Safety and Tolerability
The meta-analysis also assessed the safety profile of the combination therapy. Results showed a significantly higher risk of grade 3/4 adverse events (AEs) in the CDK4/6 inhibitor arm compared to the ET-alone arm (RR 4.14, 95% CI 3.33–5.15, p < 0.00001). Specifically, grade 3/4 hematologic AEs were more common with CDK4/6 inhibitors (RR 45.96, 95% CI 13.57–155.70, p < 0.00001), leading to an increase in treatment discontinuation due to AEs (RR 19.14, 95% CI 9.25–39.58, p < 0.00001).
Conflicting Trial Outcomes
The three trials included in the meta-analysis – monarchE (abemaciclib), PALLAS (palbociclib), and PENELOPE-B (palbociclib) – reported inconsistent primary outcomes. This discrepancy may be attributed to differences in study populations, trial designs, and follow-up durations. For instance, monarchE and PENELOPE-B specifically enrolled EBC patients at high risk of recurrence, while PALLAS included a substantial proportion of lower-risk patients. Differences in treatment duration (two years in monarchE and PALLAS vs. one year in PENELOPE-B) and follow-up time may have also contributed to the varying results.
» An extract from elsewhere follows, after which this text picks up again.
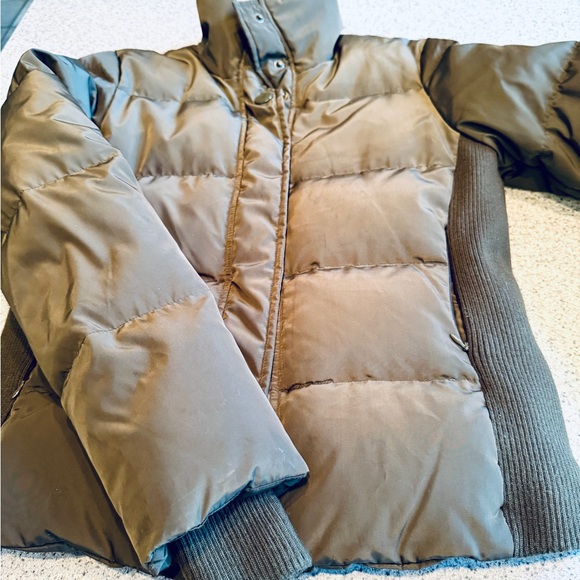 Stylish Olive Green Puffer Jacket - Picture 3 of 4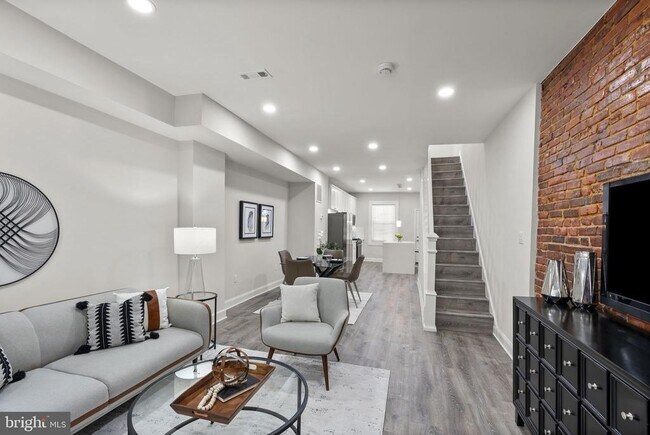 Foto del edificio - 518 N Lakewood Ave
Implications for Clinical Practice
While the meta-analysis suggests a potential benefit of adjuvant CDK4/6 inhibitors in HR+/HER2- EBC, particularly for patients with N2/N3 nodal involvement, the evidence remains inconclusive. The increased risk of adverse events and treatment discontinuation associated with CDK4/6 inhibitors warrants careful consideration. Further research is needed to identify definitive clinicopathologic features or genomic signatures that can predict therapeutic responses to adjuvant CDK4/6 inhibitors, allowing for better patient selection and treatment tailoring.
Ongoing Research
Several ongoing studies (NCT03701334 and NCT03820830) are expected to provide additional data on the role of CDK4/6 inhibitors in the adjuvant setting. Translation analyses from the included studies are also eagerly awaited to elucidate the relationship between high-risk clinicopathologic features and therapeutic responses to CDK4/6 inhibitors. The findings from these studies will be crucial in determining the ultimate role of CDK4/6 inhibitors in the adjuvant treatment of HR+/HER2- EBC.